Rainy or Shiny 横濱ラジオ亭日乗

モダンジャズ、ボーカルを流しています。営業日水木金土祝の13時〜19時
横浜市中区麦田町1-5

「しらん」の誕生日

2013-05-10 09:03:09 | その他
昔買った益子のマルチ(多目的)碗のような汲出し器で煎茶を飲んでいて思い出す。5月8日の明日はなにかある日だと思ったら、死んだ妻の誕生日だった。ちょうど夜勤に出かける前でよかった。伊勢原にあるいつもの農産物直売所へ夕方寄ることにする。そちらでは百姓家の余技みたいな栽培和花のいいものが安く売っている。5月らしい花菖蒲もよいが、ちょうど紅色と紫色が微妙に配合されたような鮮やかな「シラン」が手桶に挿してあった。

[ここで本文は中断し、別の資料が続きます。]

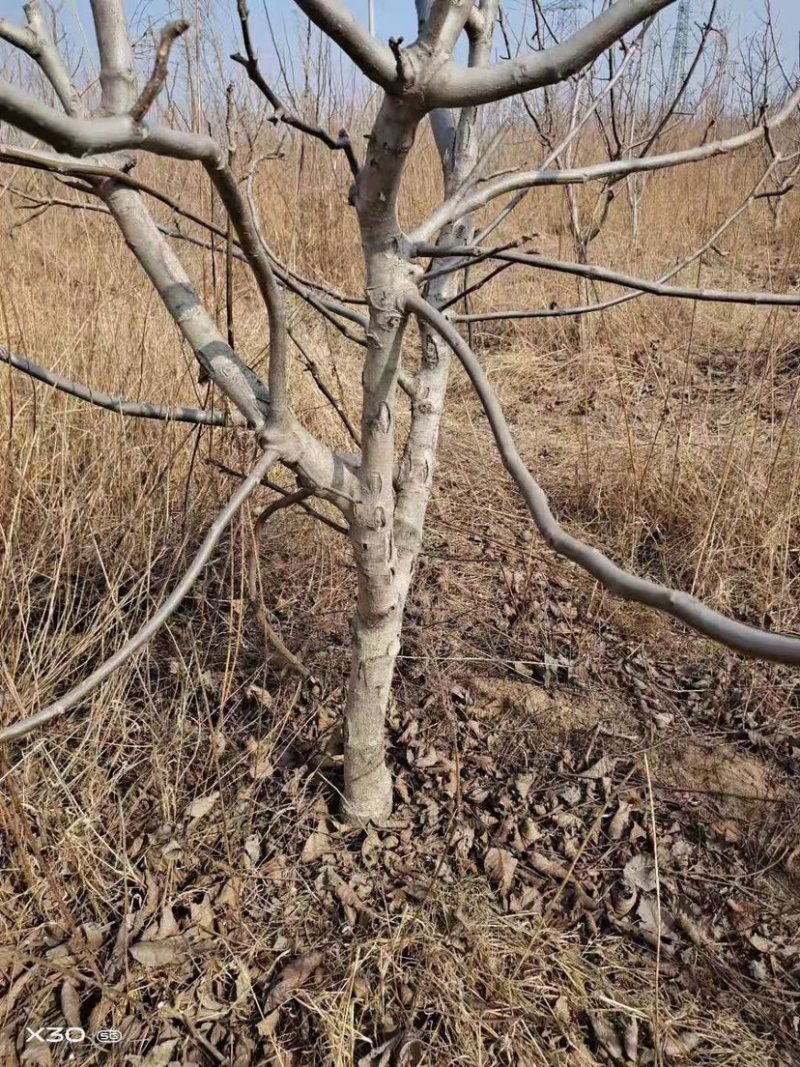 清香核桃树苗，香玲核桃苗，核桃实生苗，自产自销，现挖现发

いま時分の「シャガ」「シラン」「サクラソウ」なら去年まで住んでいた日向であればすぐに庭の一角で調達できたものだ。都市部へ移って花は買わざるを得ない暮らしになったが、日向で隠遁暮らした5年のせいで、花々の節気や移ろいが自分の感覚に溶け込んだ指標になったようである。「シラン」は一束で120円と格安だ。これを帰ってから活けて当日の8日、仏壇に供えることにする。小さな仏壇の埃を拭う。供物は有り合せの缶コーヒーと遠州三ケ日から妹達が土産に持ってきたネーブルオレンジにする。これに頂き物のヨックモックのチョコ菓子があれば、故人や同じ仏壇内に祀ってある親父やその先妻さんからの文句もでまい。お香は鳩居堂製の「ローズのかおり みづほ」というもので、これも妻の幼稚園、女学校、大学とずっと一緒だった同級生からのだいぶ前に頂いた贈り物で5月にふさわしい香りが漂う。

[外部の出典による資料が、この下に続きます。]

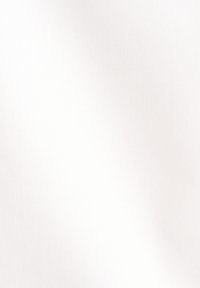 Seidensticker BUSINESS - Zakelijk overhemd - white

そういえば「シラン」は、柳宗民(宗悦の四男、園芸家)の「日本の花」にも春の項目に登場する。それによるとその微妙な色調からシランは「紅蘭」とも呼称されているそうだ。健在だったころの妻からは植物のイロハをよく教わったことがある。妻とは思想や文学の話はしても学校の話などしたことがなかったが、その出身女子学校の別称が「紅蘭」というのを耳にしたことがある。

そのおりには遊歩道を観察しながら、土手の雑草を選り分けて「えびね」という絶滅種(里では)と「紅蘭」の由来が一緒という説明を聞いた。去年は見かけたのに今年はでていないと妻が嘆いていた時で、以降その土手に野生の「えびね」を見る機会はなかった。学校の冠称になるくらいだから横浜の山手近辺でも、昔は野生の「えびね」がよく群生していたんだね!などという会話が交わされたことがある。「えびね」と「シラン」は別ものということは後に知った。「紅蘭」は「えびね」でも薄茶がかったものではなく赤味を帯びた花を指しているということだったようである。「えびね」は色の重なりがソフィスティケートされ複雑なマニアっぽい蘭だ。「シラン」はシンプルで蘭のスタンダードモデルみたいなものである。しかしその系統は同じ蘭の仲間の近縁種みたいなものだろう。ちょうど「つつじ」とこれから盛りを迎える「さつき」みたいな関係なのだろう。

人生の後半にあたる15年を呼吸器病で棒にふった妻だ。今思えば、その誕生日にこうした「シラン」でも供えることもこちらとの意義ある縁ということで、これからは命日よりも誕生日を折々の花で祝ってあげたい気分になっている。